[[ Input open ]]
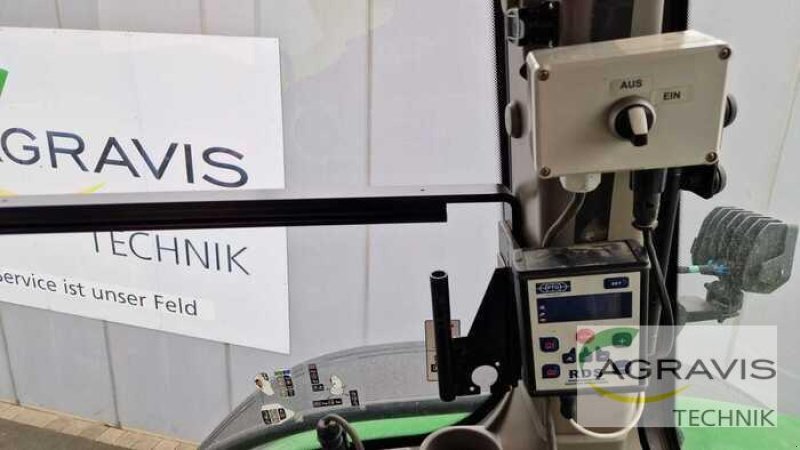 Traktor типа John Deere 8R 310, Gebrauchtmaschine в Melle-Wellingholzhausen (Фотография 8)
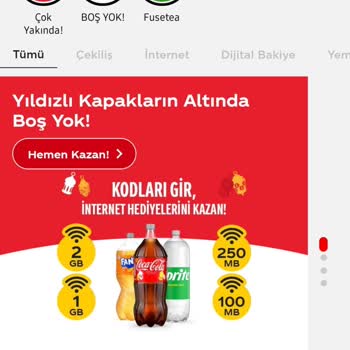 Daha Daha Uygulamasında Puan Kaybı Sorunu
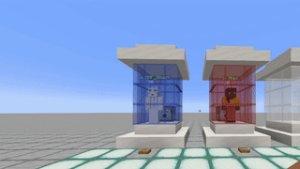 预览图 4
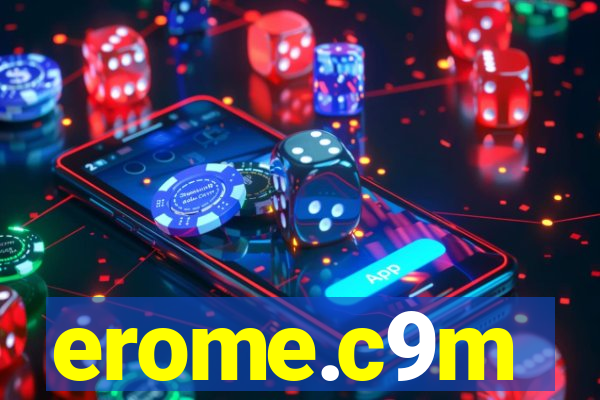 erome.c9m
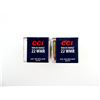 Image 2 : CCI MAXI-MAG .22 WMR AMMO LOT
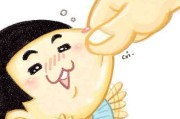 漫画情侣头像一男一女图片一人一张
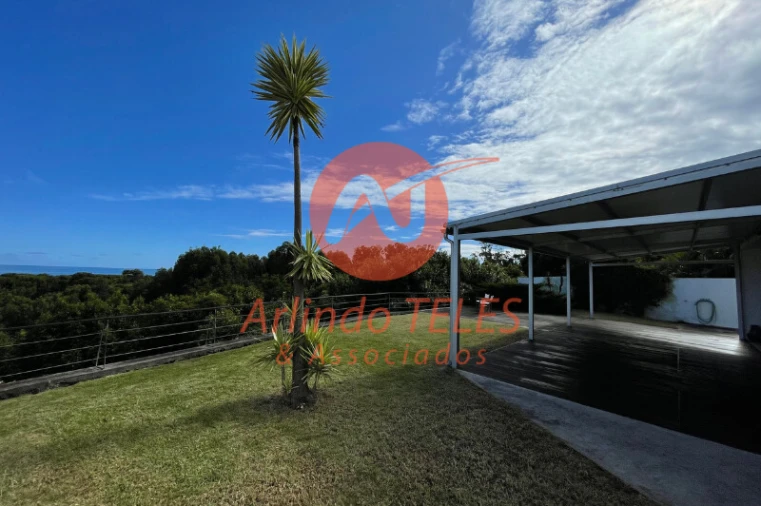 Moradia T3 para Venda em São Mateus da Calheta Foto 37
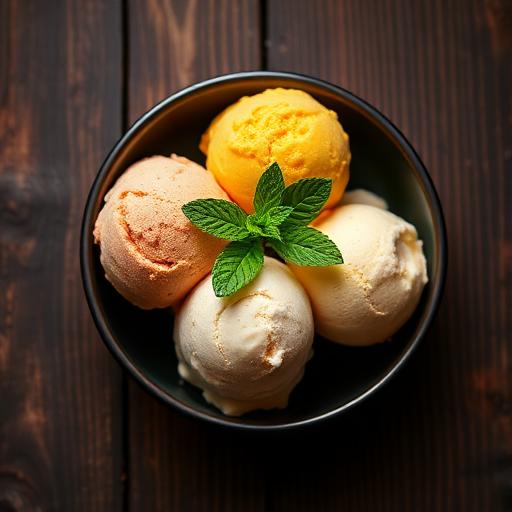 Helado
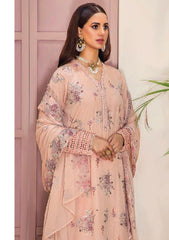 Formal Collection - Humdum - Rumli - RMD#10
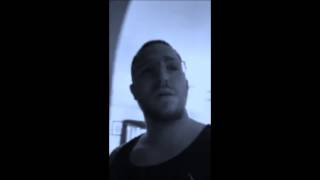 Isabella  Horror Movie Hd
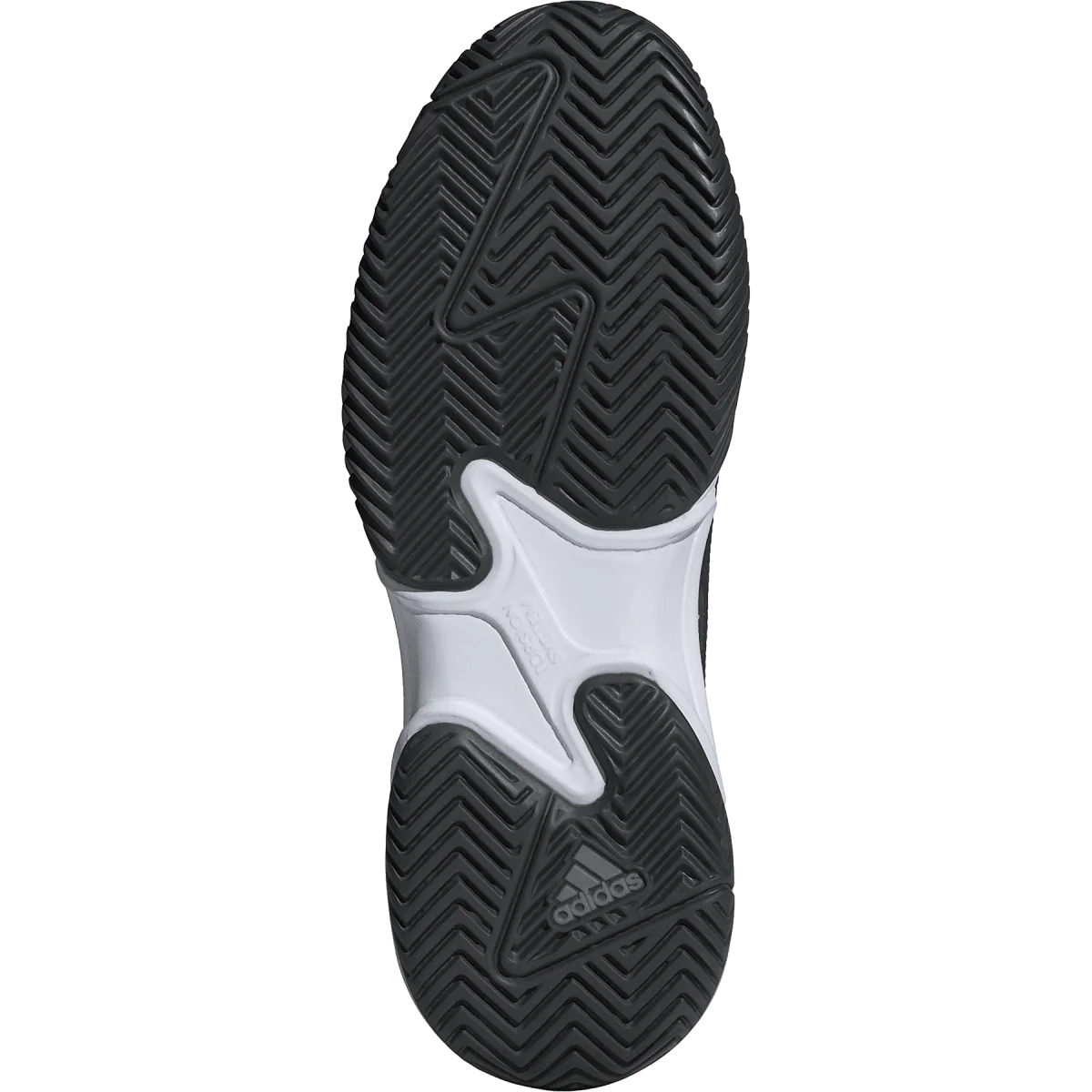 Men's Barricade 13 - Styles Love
[[ Input closed ]]
- Work required:
Output the line that contains "Formal Collection - Humdum - Rumli - RMD#10" and every subsequent line through the end of the entries, exactly as given, without pictures.

- Solution for this exercise:
 Formal Collection - Humdum - Rumli - RMD#10
 Isabella  Horror Movie Hd
 Men's Barricade 13 - Styles Love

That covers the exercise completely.